Pierre-Auguste Renoir
French, 1841-1919
Coastline at Antibes, 1888
oil on canvas
25 5/8 × 32 1/8 in.
Michael Armand Hammer and the Armand Hammer Foundation
Loan
Pierre-Auguste Renoir, Self Portrait, Oil on canvas, 1876, Fogg Art Museum, Cambridge, USA
"An artist, under pain of oblivion, must have confidence in himself, and listen only to his real master: Nature." - Pierre-Auguste Renoir
COMMENTS
The changes evident in Renoir’s style during the 1880s, a new firmness in his drawing and a return to classical order in composition, were principally confined to his figure paintings. In the conventional composition of this landscape, a more relaxed handling of paint and the suppression of contour have resulted in a misty softness that is almost dreamlike in effect. Yet the artist’s love of the sensuality of warm color saves the scene from undertones of melancholy. He has used tiny brushstrokes and feathered the paint so delicately that there is no build-up of any kind of impasto; the canvas appears as if it were gently stained, rather than brushed, with pigment. Small and indistinct figures, possibly a studio invention, are subsumed by the pleasant somnolence of their natural surroundings— a direct contrast to the liveliness of Grape Pickers at Lunch, where landscape was molded to accentuate figural representation. The clear white verticals of a gatepost balanced by white sails on the Mediterranean are the only abrupt notes in this idyllic rendition of nature.

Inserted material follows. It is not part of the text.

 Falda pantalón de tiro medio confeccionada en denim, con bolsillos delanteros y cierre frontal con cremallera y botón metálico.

Renoir, who was primarily a figural painter and always thought of himself as such, considered landscape to be a difficult and ever-challenging genre. “Landscapes are the painter’s stumbling block,” he said in a 1918 interview with a collector. “You think it’s gray, but how many colors there are in a gray landscape! If you only knew, Monsieur, how hard it is to anatomize a tree with a brush.”
By the turn of the century, the artist’s Impressionist view of landscape as a means of capturing an actual moment of reality suspended in time had evolved into an older, more traditional attitude. He envisioned works such as Coastline at Antibes as a continuation of the French school of ideal landscape that had flourished since the early eighteenth century. In his last years he would voice some of this sentiment to the same visitor: “I can’t paint nature, I know, but the hand-to-hand struggle with her stimulates me. A painter can’t be great if he doesn’t understand landscape. At one time the term ‘landscapist’ was one of scorn, especially in the 18th century. And yet that century, which I adore, produced great landscape artists. I am of the 18th century. I humbly consider not only that my art descends from Watteau, Fragonard, Hubert Robert, but even that I am one of them. Watteau, what a genius!”

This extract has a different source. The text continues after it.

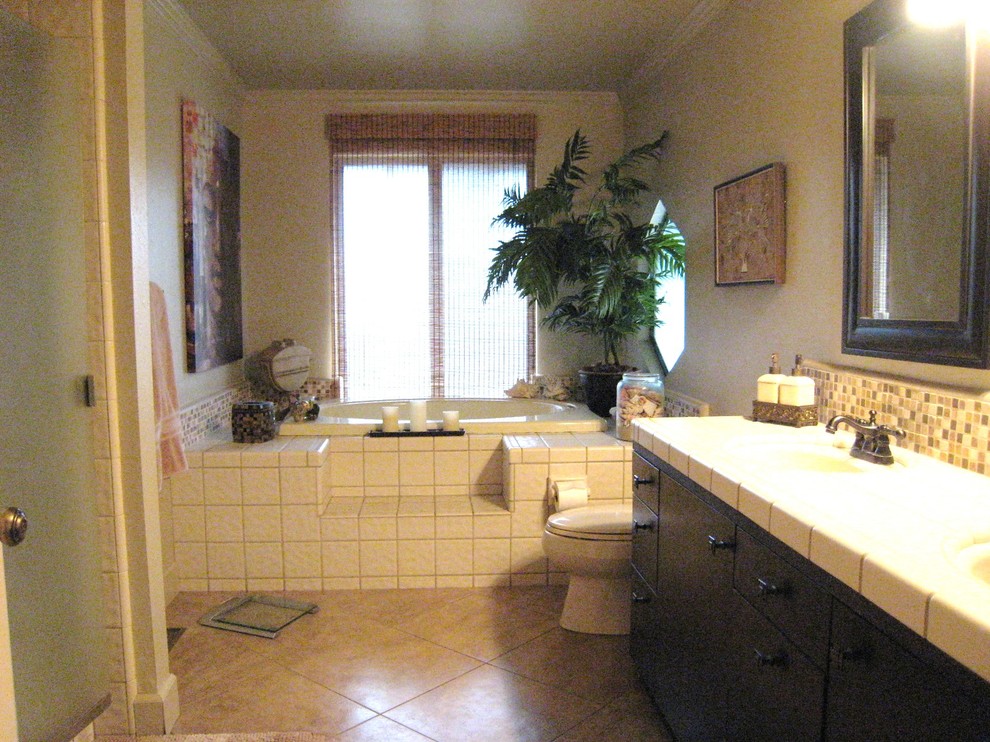 Idéer för mellanstora vintage badrum, med ett undermonterad handfat, släta luckor, skåp i mörkt trä, kaklad bänkskiva, ett platsbyggt badkar, en dusch i en alkov, en toalettstol med hel cisternkåpa, beige kakel, keramikplattor, beige väggar och klinkergolv i porslin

It is no accident that Coastline at Antibes reminds one of Corot’s mist-shrouded visions of the forest near Barbizon in the mid-nineteenth century or of the gentle, wistful paintings created by Watteau more than 100 years earlier. Yet the warmth of color and delicate, ethereal brushwork of the Hammer painting stamp it indelibly as a product of Renoir’s own distinct temperament.
- William Gaunt, Renoir, Phaidon Press, 1952
Like Monet, alongside whom he painted outdoors during their excursions to the South, Renoir was attracted to the brilliant light and lush folliage of the Mediterranean coast. The billowing robes and headdress of the figures, however, appear to be exoticizing afterthought, probably added later by the artist in his studio to introduce narrative interest. Like the romantic artist Eugene Delacroix (1798-1863) whom he admired, Renoir made repeated trips to Algiers in the early 1880s, in serach of exotic subjects.
- The Armand Hammer Collection: Five Centuries of Masterpieces, Los Angeles, 1981
SBMA CURATORIAL LABELS
During the 1880s, Renoir’s art drifted towards classicism, in part due to a renewed engagement with the masters of the Italian Renaissance, such as Raphael. This new phase in his art was characterized by monumental figural subjects, whether female bathers or society portraits. However, the delicate, feathery brushwork he had developed during the Impressionist years of the previous decade is still evident in his landscapes, as in this luscious example. Like Monet, alongside whom he painted outdoors during their excursions to the South, Renoir was attracted to the brilliant light and lush foliage of the Mediterranean coast. The billowing robes and headdresses of the figures, however, appear to be an exoticizing afterthought, probably added later by the artist in his studio to introduce narrative interest. Like the Romantic artist Eugène Delacroix (1798 – 1863), whom he admired, Renoir made repeated trips to Algiers in the early 1880s, in search of exotic subjects.